Note that Apple is demanding that Foxconn complies with Apple's policy for
overtime - that workers earning about $18 per day must not work more than 60
hours a week. Unless it's an emergency. Or an unusual situation.

It's unfortunate that the concentration is almost entirely on Foxconn, because
there are worse factories in China.

------
mseebach
I enjoyed this Economist article, and it seems to make some of the same
points, but in a different context: <http://www.economist.com/node/21549956>

------
pasbesoin
For me, one of the elephants in the room that is the larger discussion about
"third world" outsourcing and manufacture, is the other side of the dynamic:
What is happening in portions of the "first world". That is, the fear in the
first world. (Note: I'm in the U.S.)

The first world build up, both deliberately and circumstantially (e.g. World
War II), a fairly strong system of profit-sharing and workforce representation
and safety.

Then, increasing geographic mobility (physical, and communication) provided
means of operating portions or the entirety of a business outside of that
scope, while maintaining the first world market/destination for finished
product.

Given that much of the first world was in one form or another "democratic", at
that point, those populations faced a choice. Erect barriers to insure the
propagation of those protections within their societies, but at perhaps the
expense of less individual, immediate wealth -- at least, as measured in
objects possessed. Or allow this "outsourcing", undermining domestic
production and attendant protections in favor of individual gains -- short
term gains, for those not in a position of major equity or enabling and so
profiting off of the inter-societal transfers.
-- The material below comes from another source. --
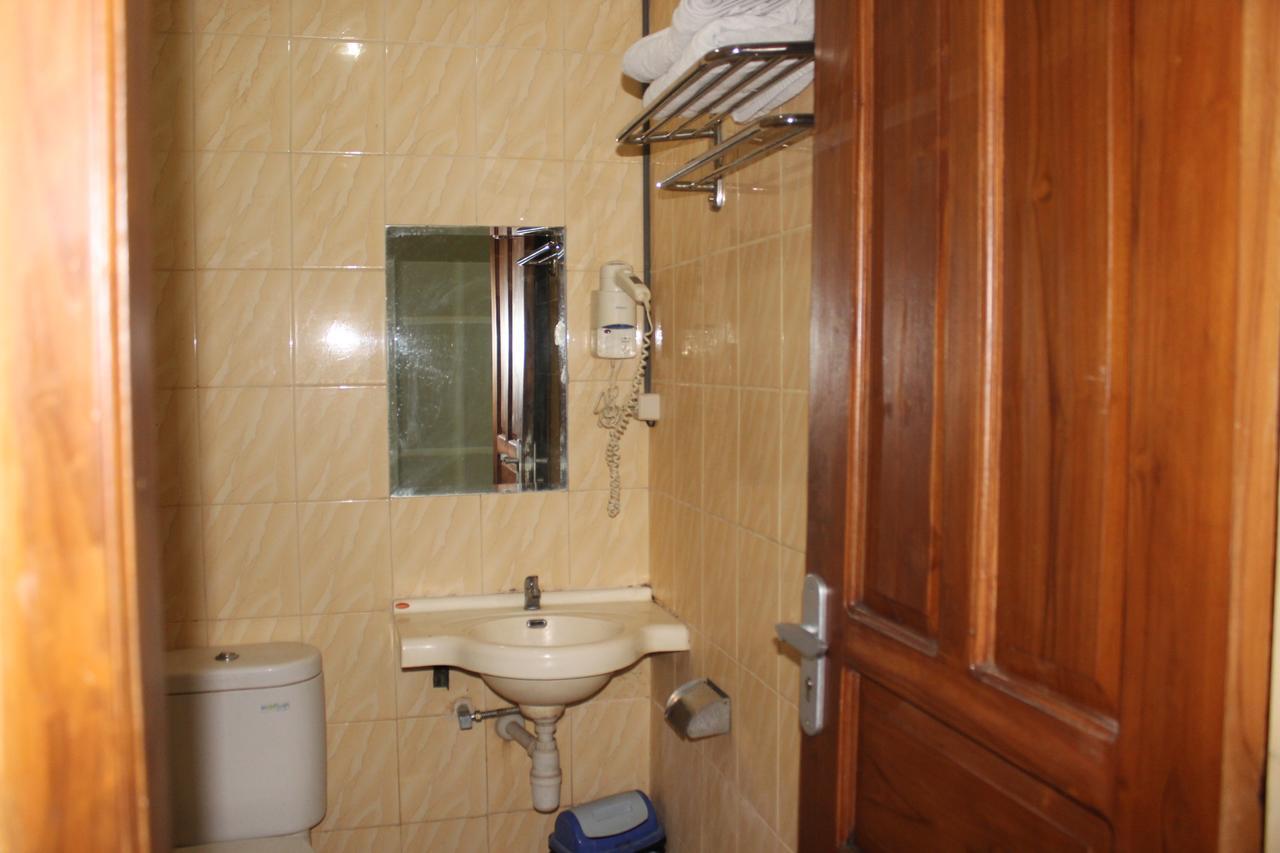Sinar Bintang Hotel Cepu Экстерьер фото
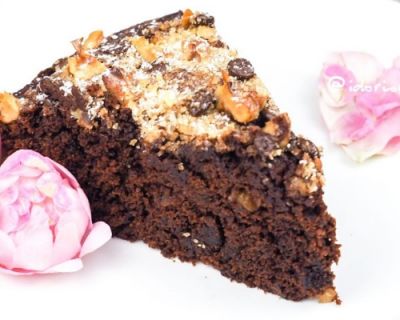 Fabelhaft samtiger Schokolade Nuss Kuchen mit Crunch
In my perspective, barring a regression, at this point we are headed towards a
world society as well as economy. However, the timeframes are still such that
individuals can end up "losers" with regard to opportunities available or lost
during their productive lifespans.

In the U.S., for example, many people are "losing", right now.

The question arises: Has what has happened been the best way forward that was
possible? Or could the U.S. et al. have maintained greater barriers while
still enabling progress? The ideo of "lifting up" the third world, instead of
"racing to the lowest common denominator"?

I, for one, don't know the answer to that. Personally, though, I would have
liked to try harder for it.

Many people in the U.S. are scared, and outraged, and fearful, and many other
things, of what they see -- or what is reported -- in China and other places,
because behind and beyond the immediate situation, they see or perhaps intuit
at some level their own future.

Maybe in the 80's and even 90's, many people here just felt it was wrong that
another person be treated like that. And they compared those circumstances to
their own and wished the latter whole-heartedly for these other people.

Now, many people are just plain scared. If they're not already living in this
future of decreasing expectations.

I think _that_ is the, or at least one of, the elephants in the room, in this
entire discussion.

We were supposed to be improving the lives of these folk. But now it looks to
(rhetorical) me that it was, is at my and our own expense.

I'm not arguing for one interpretation or the other, here. But I would like to
see this perspective -- this view from "the other side", if I've seen and
understood it at least partially correctly -- added to the conversation.

And, to loop back to what I mentioned earlier, this happened in the context of
"democratic" first world societies. (However imperfect that democracy might
be.) So... in casting about for blame, if such is to be sought and found at
all, I don't think those populations can simply point to business executives
and "corrupt" politicians for the answer. Whether citizens voted, or didn't
bother, they were and are part of the choice.